Li na revista "Língua Portuguesa", última edição nas bancas, que um casal chinês quis dar ao filho recém-nascido o nome @. Sim, o sinal que aparece nos e-mails, chamado de arroba no Brasil. Segundo a revista, a justificativa dada pelo casal é que @ "quando traduzido para o chinês, tem o mesmo som dos ideogramas em mandarim para a expressão 'eu o amo'. O nome da criança, portanto, seria uma homenagem ao amor que os pais têm por ela". Fiquei imaginando se algum pai brasileiro, da espécie de internautas que chegam quase à idolatria ao computador, quisesse batizar uma filha com o nome de Arroba. Não queria estar na pele da coitada. As gozações que iria sofrer ao longo da vida, as piadas sobre o seu nome, proporcionadas pelo fato de que a palavra também significa uma unidade de peso, equivalente a 15 quilos, usada para produtos agropecuários.

Não consigo entender o que passa pela cabeça de certos pais na hora de escolherem um nome para o filho. Há nomes que ensejam a pensar que o pai não estava com o juízo perfeito na ocasião. E não seria também o caso de, por não desejar o nascimento do filho (ou filha), o sujeito quisesse lhe dar um nome que o ferisse por toda a vida, como uma chaga? Há alguma coisa que não sabemos qual (a não ser o péssimo gosto), que leva um pai a nomear uma filha de Merdolina. E por falar nesse nome, me lembro de quando trabalhava na seção de ordens de pagamento. Muitas vezes a orpag era transmitida por telefone. E um dia recebi uma mensagem de uma agência de Fortaleza. O nome da beneficiária era Medda. O colega até me advertiu, em tom de brincadeira: "Cuidado, Sobreira, pra não trocar o primeiro "d" por um "r" quando for escrever o nome da moça".

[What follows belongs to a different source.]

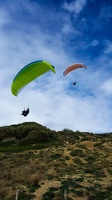 622 FA10.18 Algodonales Papillon-Paragliding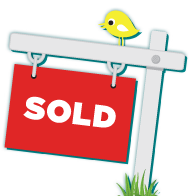 sold-sign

Em certos nomes não há um componente escatológico como o de Merdolina, por exemplo. O caso é apenas de mau gosto mesmo. Quando trabalhei no interior do Ceará tive uma namorada chamada Primitiva. Na mesma cidade encontrei um colega com o nome de Oceano Atlântico. Oceano Atlântico Linhares, que tratávamos apenas por Oceano. Outro exemplo, o nome do excelente ator Lima Duarte (foto acima, in Google) : Aryclenes Venâncio Duarte. Ele abomina o seu prenome, segundo soube pelo seu colega (já falecido) Paulo Gracindo, num espetáculo solo que este apresentou em Natal na década de 1980. Paulo, que também não gostava do seu verdadeiro nome (Pelópidas), revelou que quando alguém da Globo chamava Lima Duarte por Aryclenes (pra mexer com ele), levava como resposta uma expressão chula muito usada. "Um dos nomes é bem pequenininho", acrescentou. O sobrenome Vandré foi criado pelo próprio compositor, em parceria com Théo de Barros, da obra-prima "Disparada". Ele abreviou o segundo nome do pai, que era, vejam só, Vandregísilo.

Ainda nesse caso de apenas mau gosto estão aqueles nomes que encerram uma homenagem. Quando estudava no Liceu, de Fortaleza, havia um colega chamado Irapuan Índio do Piauí. Numa aula de Português, o professor, ao fazer a chamada, fez uma gozação com o nome dele, que arrancou risadas da classe. Ele carregou o fardo do nome enquanto o pai estava vivo. Com a morte deste, Irapuan (de quem sou amigo até hoje e, como eu, se tornou funcionário do Banco do Brasil), decidiu suprimir esse incômodo "Índio do Piauí". O filho de Oswald de Andrade, fruto do seu casamento com Patrícia Galvão (Pagu), tinha por nome completo Rudá Poronominare Galvão. Rudá não sei a razão. Já Poronominare é uma entidade indígena, cujo nome significa "dono da terra e do céu". É o que revela a matéria "Marcas de batismo" dessa ótima revista, que não conhecia, escrita por Luiz Costa Pereira Junior.